Bismillahirrahmânirrahîm
1,2. Kâf.1 Şerefli Kur’ân’a andolsun ki kâfirler, aralarından bir uyarıcının
gelmesine şaştılar ve şöyle dediler: “Bu tuhaf bir şeydir!”
3. “Öldüğümüz ve toprak olduğumuz zaman mı (dirilecekmişiz)? Bu, akla uzak
(imkansız) bir dönüştür!”
4. Şüphesiz biz, toprağın; onlardan neleri eksilttiğini bilmekteyiz. Yanımızda
(o bilgileri) koruyan bir kitap vardır.
5. Hatta gerçek kendilerine gelince onu yalanladılar. Artık onlar kararsız bir
haldedirler.
6. Üstlerindeki göğe bakmazlar mı? Onu nasıl bina ettik, nasıl donattık! Onda
hiçbir düzensizlik ve eksiklik yoktur.
7. Yeryüzünü de yaydık ve orada sabit dağlar yerleştirdik. Orada her türden iç
açıcı çift bitkiler bitirdik.
8. Bütün bunlar, içtenlikle Allah’a yönelen her kulun gönül gözünü açmak ve ona
öğüt ve ibret vermek içindir.
9,10,11. Gökten de bereketli bir su indirip onunla kullar için rızık olarak
bahçeler ve biçilecek taneler (ekinler), birbirine girmiş kat kat tomurcukları
olan yüksek hurma ağaçları bitirdik ve böylece onunla ölü bir beldeye hayat
verdik. İşte (dirilip kabirlerden) çıkış da böyledir.
12,13,14. Onlardan önce Nûh kavmi, Res halkı ve Semûd kavmi, Âd ve Firavun,
Lût’un kardeşleri, Eykeliler, Tübba’ın2 kavmi de yalanlamıştı. Bütün bunlar
(kendilerine gönderilen) peygamberleri yalanladılar, böylece kendilerini
uyardığım şey gerçekleşti.
15. İlk yaratmada acizlik mi gösterdik ki (yeniden yaratamayalım)? Doğrusu
onlar, yeniden yaratılış konusunda şüphe içindedirler.
16. Andolsun, insanı biz yarattık ve nefsinin
ona verdiği vesveseyi de biz biliriz.
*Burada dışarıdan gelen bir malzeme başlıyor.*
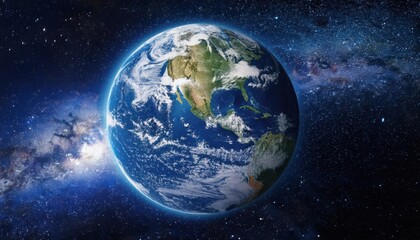 Realistic Earth Planet, rotating on its axis in space against the background of the Milky Way star sky. Astronomy and science concept. Continents and oceans. 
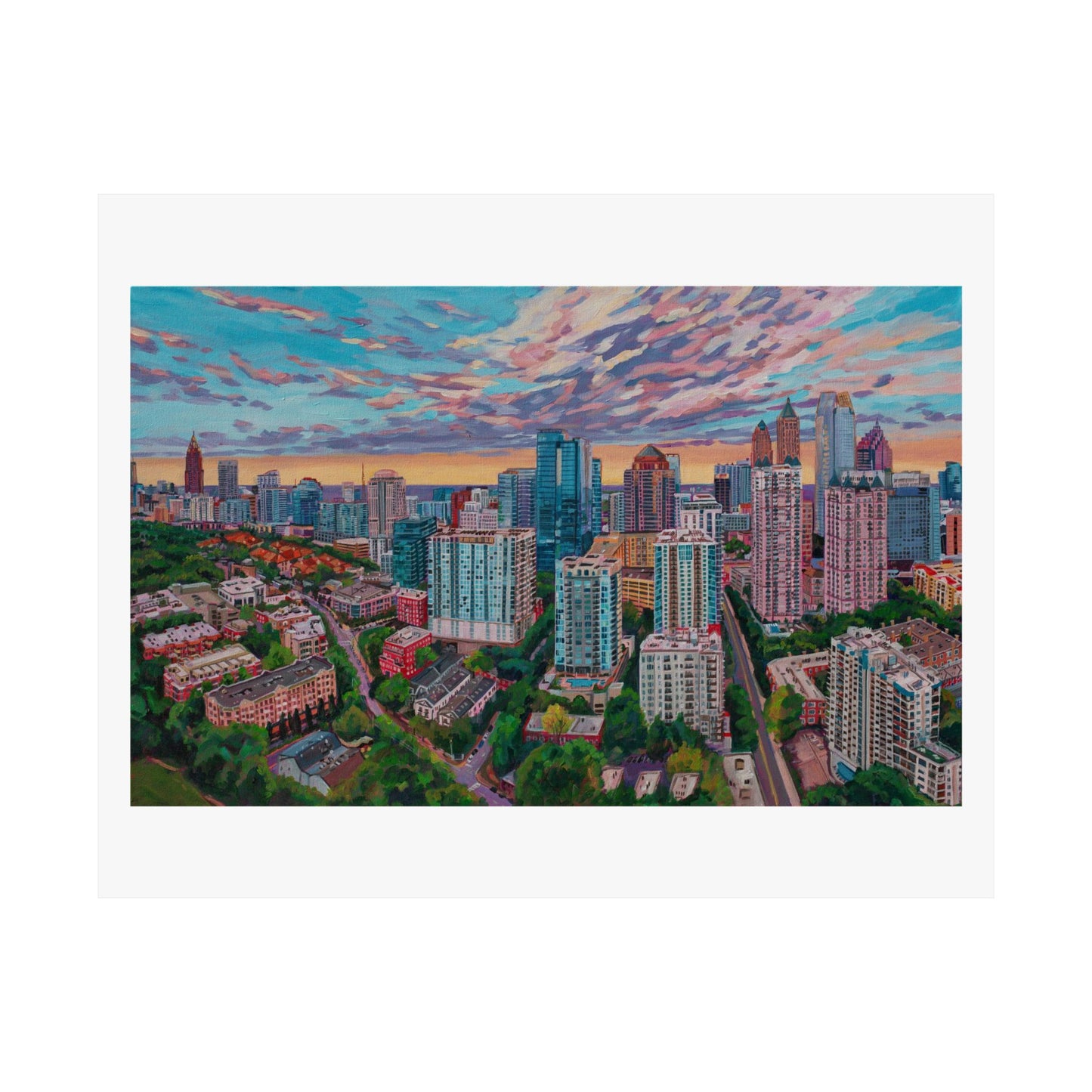Heart of Midtown —Atlanta—Matte Horizontal Poster Reproduction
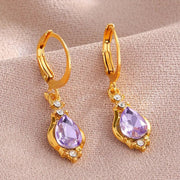 ZAKOL Vintage Shiny Purple Crystal Water Drop Hoop Earrings For Women Boho Long Dangle Jewelry Gift - Simples Market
Çünkü biz ona şah damarından daha yakınız.
17. Üstelik, biri insanın sağ tarafında, biri sol tarafında oturmuş iki alıcı
melek de (onun yaptıklarını) alıp kaydetmektedir.
18. İnsan hiçbir söz söylemez ki onun yanında (yaptıklarını) gözetleyen (ve
kaydeden) hazır bir melek bulunmasın.
19. Ölüm sarhoşluğu bir hakikat olarak insana gelir de ona, “İşte bu, senin
öteden beri kaçıp durduğun şeydir” denir.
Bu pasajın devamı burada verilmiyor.